Impossible Truth was the result of Tyler’s relationship with two books whilst traversing the Midwest of America. The books in question were British music historian Barney Hoskins’ recounting of the early ’70s hedonistic and creatively fertile period in Laurel Canyon, Hotel California, and Marxist social historian Mike Davis’ apocalyptical rendering of Los Angeles, The Ecology of Fear. These historical reflections, and the retelling of Californian life and culture, has clearly had an effect on the music created by Tyler for this album.

And yet for all the deep rootedness of Tyler and Los Angeles, of Americana, in this album, Impossible Truth’s opening track “Country of Illusion” very much belongs to the British Folk tradition of the late ’60s/early ’70s with its pastoral style reminiscent of Nick Drake or Richard Thompson. About as far removed from LA as one could wish to imagine! But as the song develops, steel pedal effects comes in which instantly relocates us to Laurel Canyon, and then, at the 5.40 mark, comes a devastating breakdown, as the song winds down to a near end before majestically rising again, waves of beauty washing over you, pulsating guitar, thumping double bass, widescreen vistas, nine minutes of expansive, glorious music.

“Geography of Nowhere” is more shimmering, Spanish-inflected, southern gothic playing.
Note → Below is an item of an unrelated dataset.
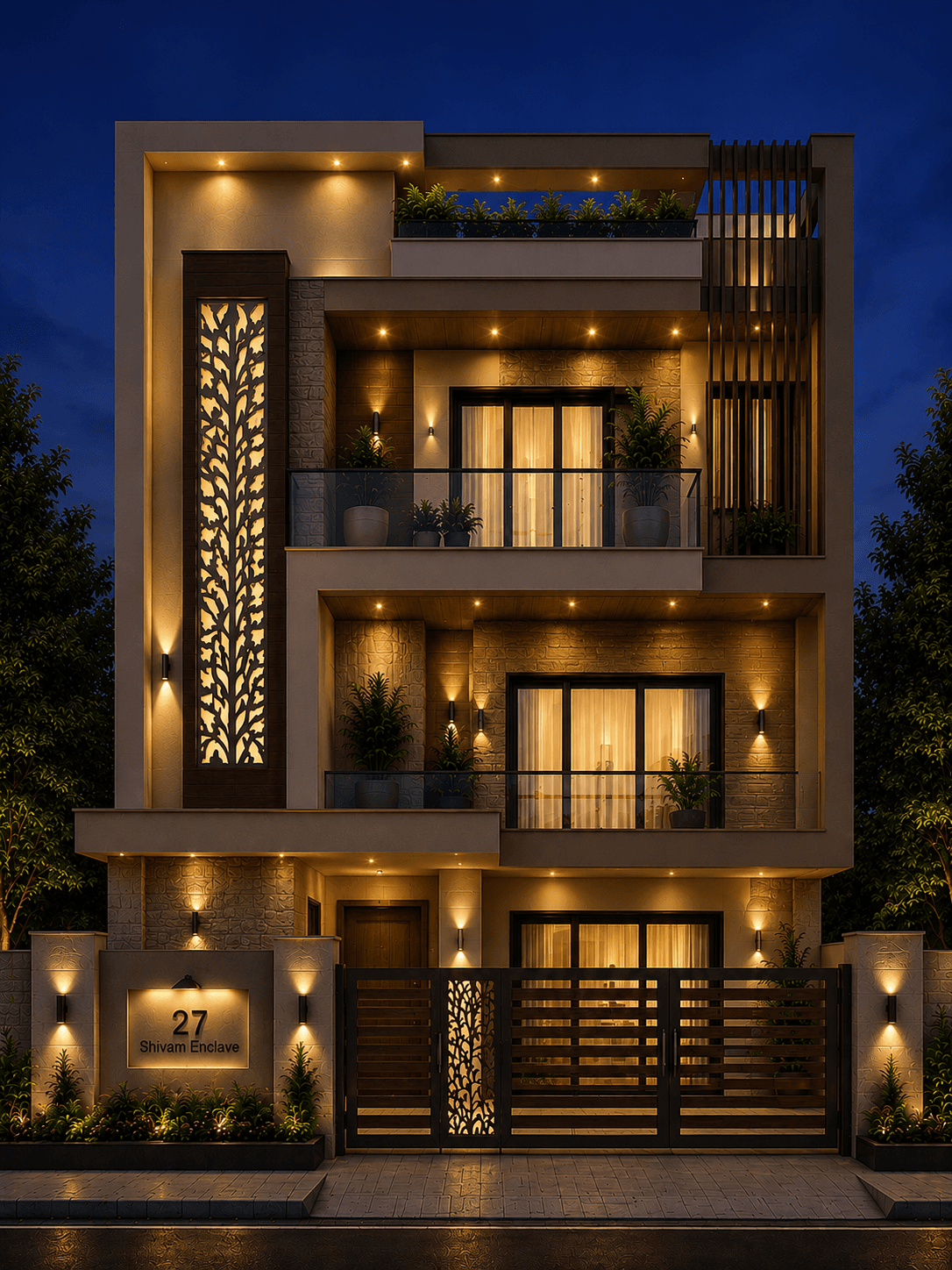 Modern Cream Stone G+2 House Design - Night View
Building and building, wave after wave of guitar, of perfectly restrained, beautifully realized, and utterly mesmerizing music. “We Can’t Go Home Again”’s breathtaking dexterity, “Hotel Catatonia”’s complex chord changes, and the sublime, eastern-flavored, Beatlesque, ten-minute closer “The World Set Free” all point to an incredible musician, not just in his playing, but with his understanding of music and its emotive qualities.

Tyler’s finger plucking and textured songwriting take the listener back to the heady days of Laurel Canyon and the almost never-to-be-repeated group of songwriters from this era — Crosby, Stills and Nash, Joni Mitchell, Gram Parsons, Neil Young, all are invoked through the music of William Tyler as he takes on an exploration of this mythic place, but he invokes them very much in the present, for Tyler is no mere purveyor of nostalgia for nostalgia’s sake. Rather, he understands the past, is sympathetic to its heritage and reimagines it for the present.

This is a brilliant album created by a music virtuoso that will cement Tyler’s solo reputation earned from his 2010 debut, Behold the Spirit. In an age of immediacy and short attention spans, taking the time out to listen to a solo guitar album might be alien for some, but believe me, at no time during its near 54 minutes will you find your mind wandering or your hand twitching for the fast-forward button; you’ll be too immersed in the music for that.